One of Baton Rouge’s most sought after public elementary schools goes beyond the norm when it comes to the arts, with full-time staff who teach children how to play musical instruments, sing, write creatively, paint and perform on stage.
But the wealth of arts resources at Baton Rouge Center for Visual and Performing Arts is under challenge as the East Baton Rouge Parish school system tries to figure out how to afford spending extra on magnet schools like BRCVPA even as it makes cuts year after year in other schools.
Several parents pressing to obtain greater protection for BRCVPA’s costly approach to the arts say they have faced backlash. One parent, who took her concerns straight to Superintendent Bernard Taylor, was subsequently barred from substitute teaching at the school any longer. She’d raised questions about the lack of an arts background and the past performance of the school’s principal, Myra Jordan, who started in January.
This parent, who asked that she not be named for fear of further repercussions, said the school and the school system are making it hard to press for change.
“We tried to go through the proper channels,” she said. “I feel that now they are trying to shut those channels off to us.”
Another parent, Kim Dwin, has similar concerns. On Tuesday, she and several other parents tried to persuade the school’s parent-teacher organization to petition the School Board to better define the school’s mission. Afterward, she said she was told that PTO is not the place to bring such concerns. The Advocate was barred from attending this meeting.
“What’s the purpose of the PTO if not to discuss things that are for the betterment of the kids?” asked Dwin.
The anxiety began a year ago when then-BRCVPA Principal Mark Richterman, faced with cutting 8 percent of his $2 million budget, announced he would cut the school’s visual arts teacher and shift toward training core classroom teachers to handle those duties. Upset parents immediately started an online petition that garnered 234 signatures. Under fire, Richterman restored the visual arts class with a different teacher.
That didn’t quell parent concerns. Worried about future cuts, several parents began looking for ways to protect the school’s art staff.
The school system is facing its seventh consecutive year of budget cuts.
School Board member Evelyn Ware-Jackson, whose own children attended BRCVPA, was critical publicly of cutting the arts teacher.
She said that her oldest daughter, who transferred to the school in third grade, “went from failing grades to an A student, from being a shy introvert to being comfortable in her own skin.
“That’s why I’m so passionate about arts education,” Ware-Jackson said. “I’ve seen what it’s done in more than one child’s life.”

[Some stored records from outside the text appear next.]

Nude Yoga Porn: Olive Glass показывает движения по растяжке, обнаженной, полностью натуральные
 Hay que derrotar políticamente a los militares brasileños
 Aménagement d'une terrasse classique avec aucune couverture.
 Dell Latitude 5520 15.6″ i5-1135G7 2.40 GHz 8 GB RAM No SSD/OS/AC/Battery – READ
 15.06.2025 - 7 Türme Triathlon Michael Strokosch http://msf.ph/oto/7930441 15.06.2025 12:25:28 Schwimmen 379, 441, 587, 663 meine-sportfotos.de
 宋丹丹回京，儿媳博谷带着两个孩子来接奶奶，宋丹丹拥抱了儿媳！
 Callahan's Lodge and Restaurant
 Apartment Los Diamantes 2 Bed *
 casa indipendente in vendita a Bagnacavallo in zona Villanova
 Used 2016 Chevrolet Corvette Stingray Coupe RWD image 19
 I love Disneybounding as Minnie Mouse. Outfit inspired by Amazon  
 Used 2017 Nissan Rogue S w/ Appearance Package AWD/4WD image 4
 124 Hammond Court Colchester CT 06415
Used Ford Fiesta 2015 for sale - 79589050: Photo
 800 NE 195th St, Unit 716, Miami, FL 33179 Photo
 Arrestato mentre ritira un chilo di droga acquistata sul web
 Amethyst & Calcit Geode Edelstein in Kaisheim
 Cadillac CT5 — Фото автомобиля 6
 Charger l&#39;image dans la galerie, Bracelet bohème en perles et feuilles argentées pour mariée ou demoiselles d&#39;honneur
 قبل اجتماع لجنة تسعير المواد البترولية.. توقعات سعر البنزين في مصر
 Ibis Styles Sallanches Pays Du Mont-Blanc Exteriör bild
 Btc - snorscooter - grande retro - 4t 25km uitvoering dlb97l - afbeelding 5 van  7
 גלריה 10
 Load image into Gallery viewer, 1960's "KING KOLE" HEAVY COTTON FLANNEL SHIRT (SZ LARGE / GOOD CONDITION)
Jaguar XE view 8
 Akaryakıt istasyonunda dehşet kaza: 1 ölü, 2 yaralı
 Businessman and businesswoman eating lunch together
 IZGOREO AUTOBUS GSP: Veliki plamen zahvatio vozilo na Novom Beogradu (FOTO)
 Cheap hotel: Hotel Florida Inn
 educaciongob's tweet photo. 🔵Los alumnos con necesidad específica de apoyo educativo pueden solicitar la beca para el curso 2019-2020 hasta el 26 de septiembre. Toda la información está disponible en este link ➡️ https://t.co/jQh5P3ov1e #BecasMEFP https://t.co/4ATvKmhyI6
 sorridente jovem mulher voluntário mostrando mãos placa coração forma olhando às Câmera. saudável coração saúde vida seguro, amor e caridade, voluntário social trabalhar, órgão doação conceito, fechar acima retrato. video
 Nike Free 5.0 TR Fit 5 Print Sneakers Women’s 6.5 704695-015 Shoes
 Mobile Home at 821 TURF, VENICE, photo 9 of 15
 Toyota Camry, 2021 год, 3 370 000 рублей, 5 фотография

Ware-Jackson said she’d like to legally define BRCVPA and other magnet schools so that future cuts or changes in leadership don’t jeopardize the schools’ missions.
“I want to make sure the integrity of the magnet programs would be intact regardless of the principal,” Ware-Jackson said.
While dismayed at recent events, Ware-Jackson has helped BRCVPA’s parents only so much, to avoid accusations of micro-management.
“I try to stay out as much as possible, because I don’t want to break the law,” she said.
School Board member Barbara Freiberg has also gotten involved.
“I’m very concerned about what’s going on over there,” Freiberg said. “There’s a lot of serious issues, and I’m not on one side or the other.”
Richterman, BRCVPA’s principal for 12 years, announced in early December he was returning to retirement. On Dec. 19, just as Christmas break was starting, parents learned that Myra Varmall, principal of Forest Heights Academy of Excellence, would run BRCVPA. On Jan. 9, without explanation, parents then learned that Myra Jordan would be the school’s principal.
It didn’t help that Howell Park, Jordan’s previous school, declined from a D to an F grade, while Ryan Elementary, her school before Howell Park, declined from a B to a D. BRCVPA is an A school.
Superintendent Taylor has met twice since with BRCVPA parents, on Jan. 15 and on March 12. This reporter was allowed to attend one of the Jan. 15 meetings but was kicked out of a March 12 meeting.
At the January meeting, Taylor defended Jordan, blaming Howell Park’s decline on difficulty hiring teachers there. He did not explain why she was a good choice for BRCVPA. He also noted repeatedly that Jordan was an interim principal, not permanent, implying he was open to hearing parent concerns about her before deciding whether to make Jordan permanent.
The parent later barred from being a substitute teacher at BRCVPA took Taylor up on that implication. She’d been hearing of faculty who might be seeking other jobs.
In late February, she emailed several board members as well as Taylor, including detailed research on Jordan’s past, particularly at Ryan Elementary.
Taylor interpreted the email as a personal attack, and immediately, without asking the parent first, forwarded the email directly to Jordan.
“Anytime a person is making an assertion about the principal, they deserve the right to answer that assertion,” he told The Advocate in a March 13 interview.
Taylor defended the decision to bar the parent from continuing as a substitute teacher at BRCVPA, saying she’s a district employee who criticized a superior. Taylor also defended Jordan’s lack of an arts background.
“We don’t hire principals to be theme specialists,” he said. “We hire them to focus on academic achievement.”
That same day, Taylor released a list of 112 administrators whom he’d decided to make permanent. One was Jordan.